Exercise prompt: Only the lines below between the ones containing "-Kita- B1383Black(BL)BMW(Z2+Z1)(Rear+, легкосплавные" and "Uilliam Barros Jawab", inclusive, are to be reproduced, each exactly as it stands.

Dataset records:
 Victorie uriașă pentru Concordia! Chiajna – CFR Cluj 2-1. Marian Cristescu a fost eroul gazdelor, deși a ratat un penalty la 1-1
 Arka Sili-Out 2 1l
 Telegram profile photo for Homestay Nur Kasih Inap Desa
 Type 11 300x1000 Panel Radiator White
...
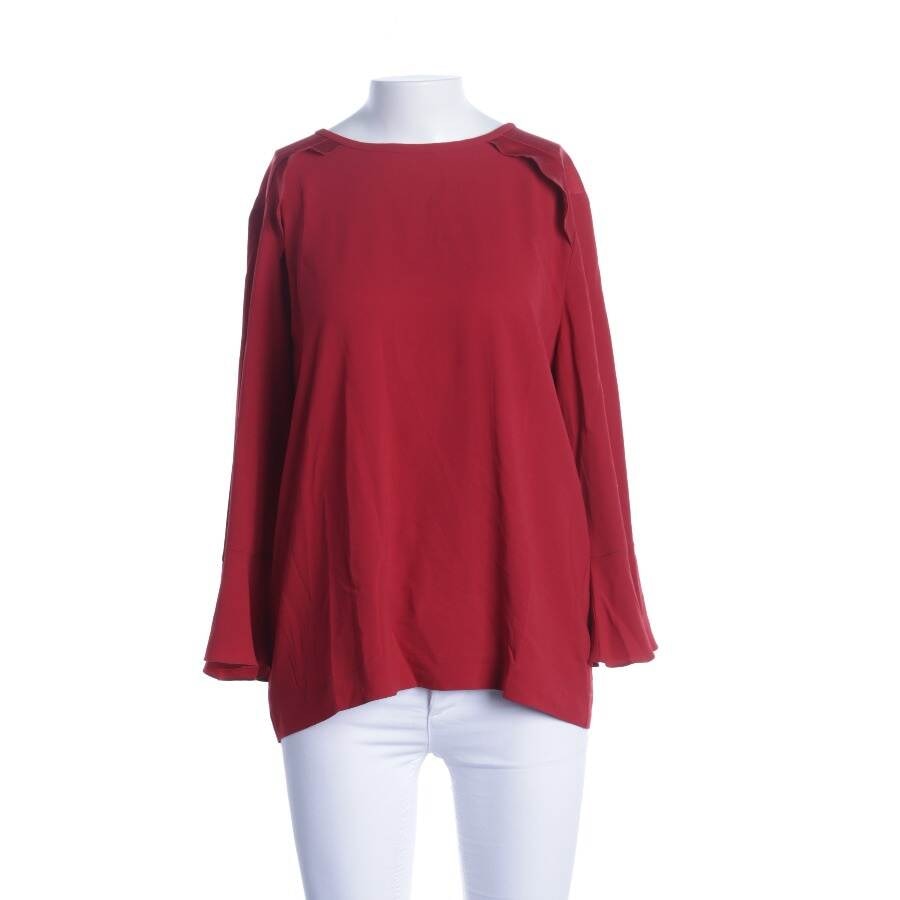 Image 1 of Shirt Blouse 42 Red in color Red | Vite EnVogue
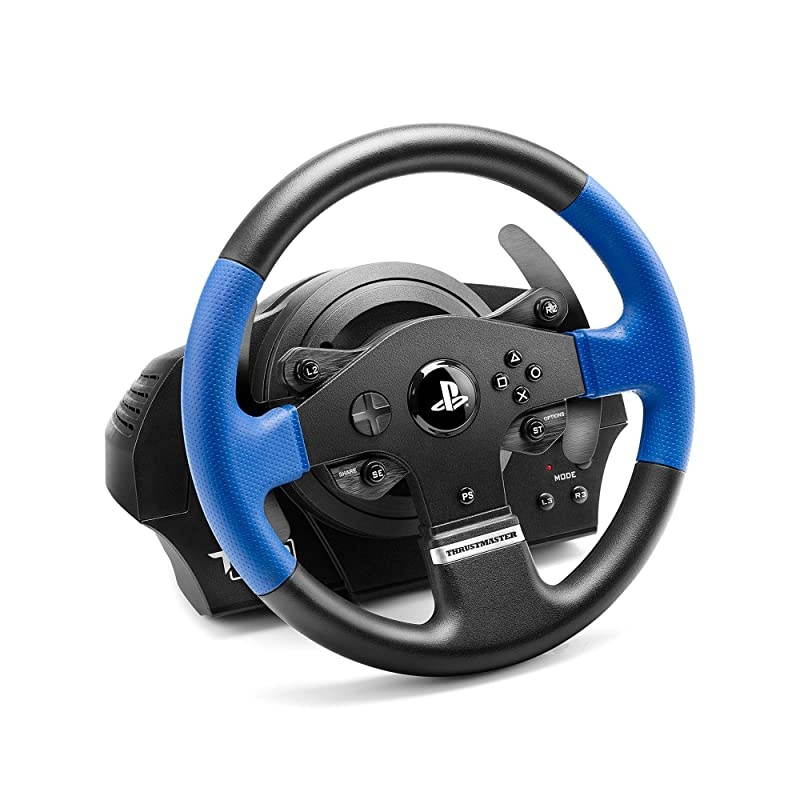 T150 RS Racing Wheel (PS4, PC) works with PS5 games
--
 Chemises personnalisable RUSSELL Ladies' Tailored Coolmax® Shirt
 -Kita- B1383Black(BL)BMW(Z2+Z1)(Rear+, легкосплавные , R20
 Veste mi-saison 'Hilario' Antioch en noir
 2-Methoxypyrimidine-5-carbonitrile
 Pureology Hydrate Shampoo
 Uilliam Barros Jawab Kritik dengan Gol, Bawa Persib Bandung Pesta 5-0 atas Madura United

Completed task:
 -Kita- B1383Black(BL)BMW(Z2+Z1)(Rear+, легкосплавные , R20
 Veste mi-saison 'Hilario' Antioch en noir
 2-Methoxypyrimidine-5-carbonitrile
 Pureology Hydrate Shampoo
 Uilliam Barros Jawab Kritik dengan Gol, Bawa Persib Bandung Pesta 5-0 atas Madura United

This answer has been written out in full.